PROBLEM TO SOLVE: Only one stretch of the material below is wanted: everything from the line containing "used 2024 MINI" down to the line containing "Hayes House |", both ends included. Repeat it exactly and skip the pictures.

INFORMATION SUPPLIED:
/---

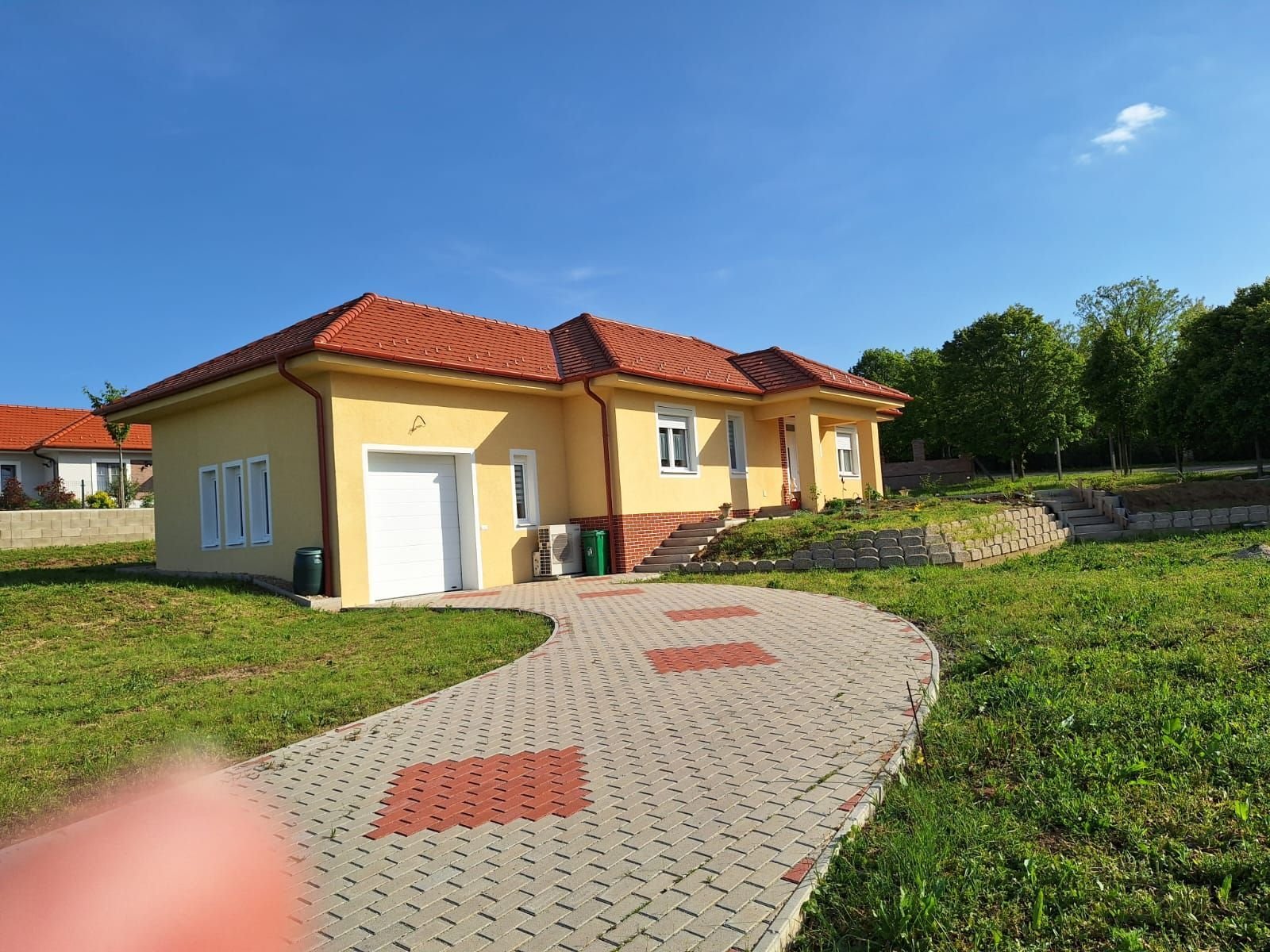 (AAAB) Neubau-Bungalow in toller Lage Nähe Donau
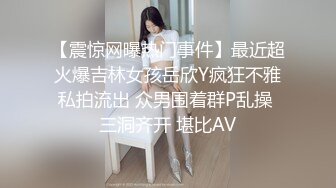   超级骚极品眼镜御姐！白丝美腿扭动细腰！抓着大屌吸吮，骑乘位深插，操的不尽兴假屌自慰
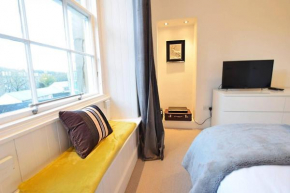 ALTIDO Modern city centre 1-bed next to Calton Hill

\---
/---

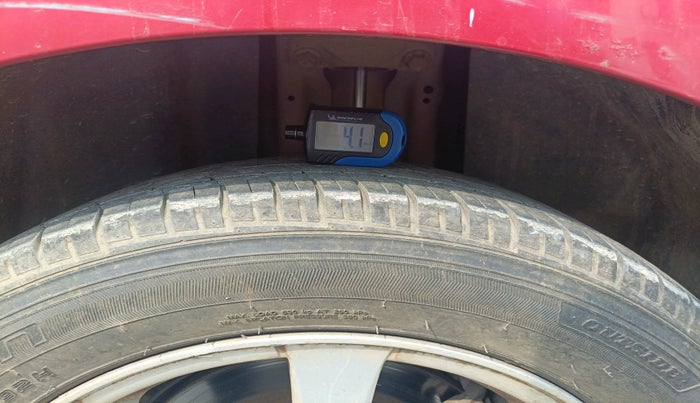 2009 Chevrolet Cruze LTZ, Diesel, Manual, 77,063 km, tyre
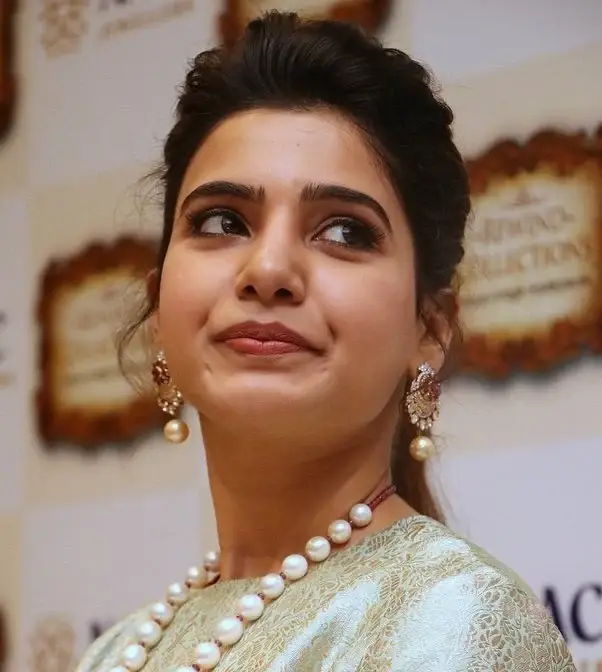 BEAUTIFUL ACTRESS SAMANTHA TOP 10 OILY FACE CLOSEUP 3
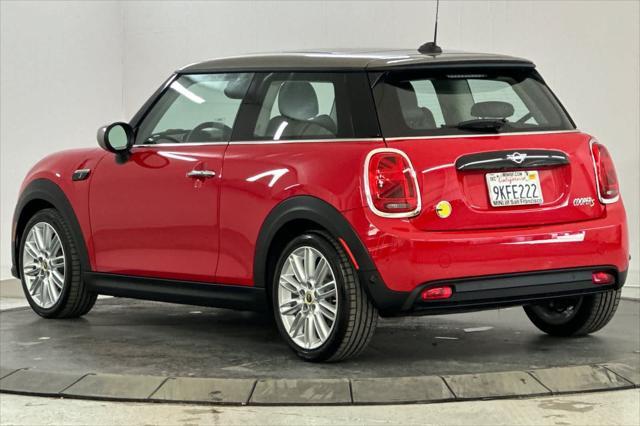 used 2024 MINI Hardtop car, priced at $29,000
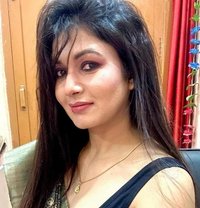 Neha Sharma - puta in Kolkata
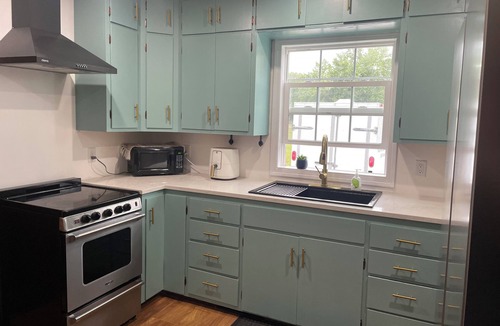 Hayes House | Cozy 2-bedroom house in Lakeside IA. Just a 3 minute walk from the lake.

\---

REPLY:
 used 2024 MINI Hardtop car, priced at $29,000
 Neha Sharma - puta in Kolkata
 Hayes House | Cozy 2-bedroom house in Lakeside IA. Just a 3 minute walk from the lake.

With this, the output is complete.